What the exercise asks:
Skipping all images, output the listing word for word.

Dataset extract:

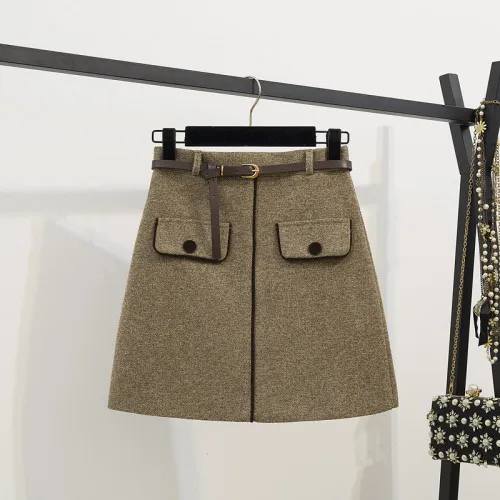 Only Skirt Водолазка, пуловер, свитер и шерстяная юбка, комплект из 2 предметов, Осень-зима, вязаный джемпер, топ и пуговица, трапециевидная мини-юбка, костюмы - Цвет: Only Skirt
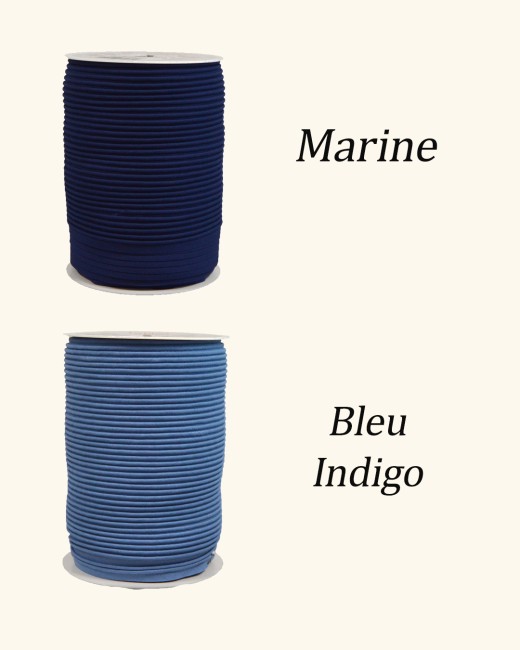 Passepoil coton uni bleu indigo ou marine au choix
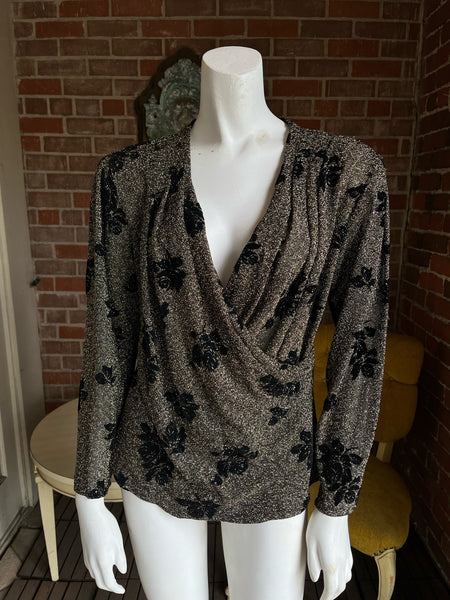 1980s Anne Klein Gold Velvet Top
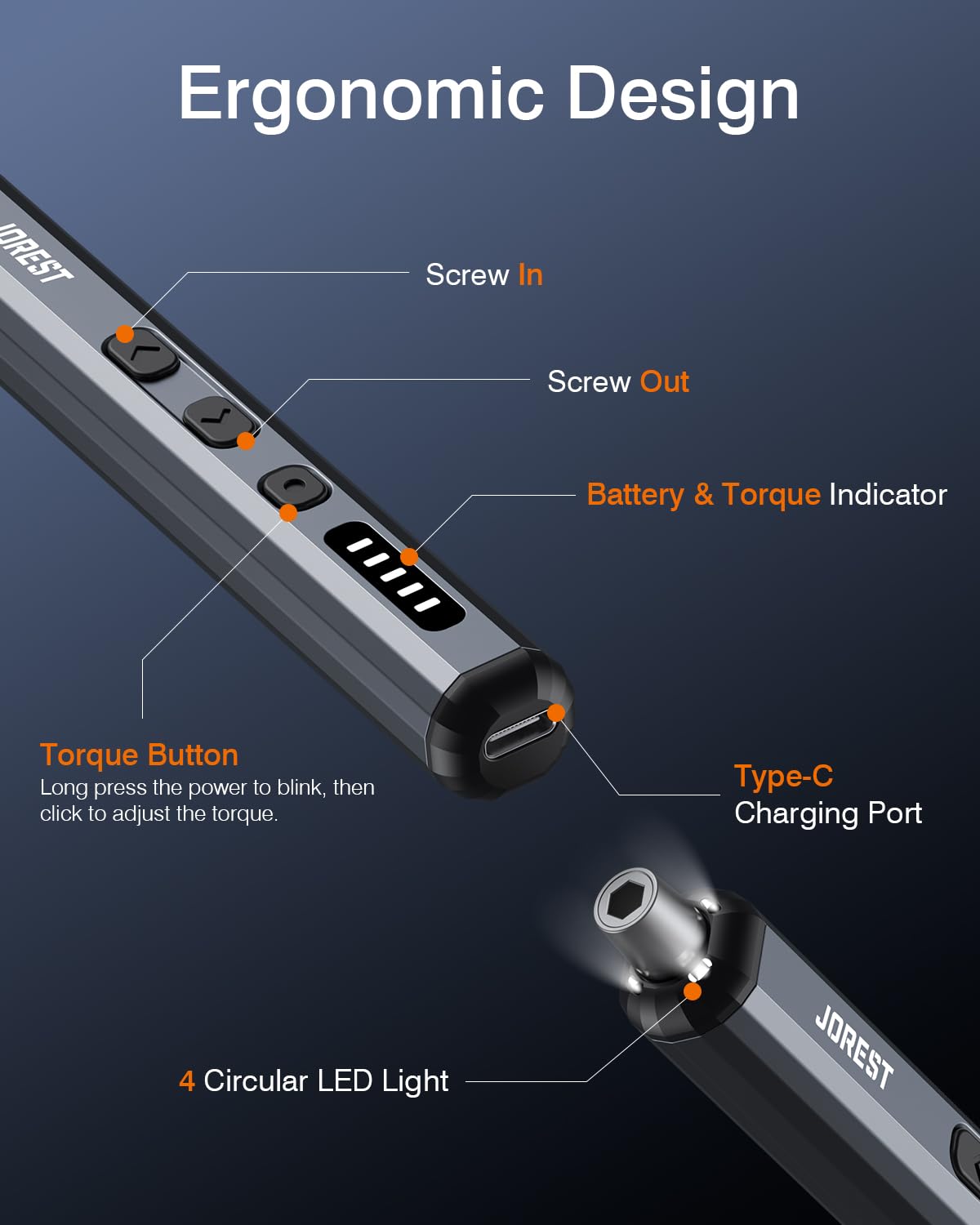 JOREST Mini Electric Screwdriver Small Cordless Precision - Jorest Official Imagery - 4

Result below:
 Only Skirt Водолазка, пуловер, свитер и шерстяная юбка, комплект из 2 предметов, Осень-зима, вязаный джемпер, топ и пуговица, трапециевидная мини-юбка, костюмы - Цвет: Only Skirt
 Passepoil coton uni bleu indigo ou marine au choix
 1980s Anne Klein Gold Velvet Top
 JOREST Mini Electric Screwdriver Small Cordless Precision - Jorest Official Imagery - 4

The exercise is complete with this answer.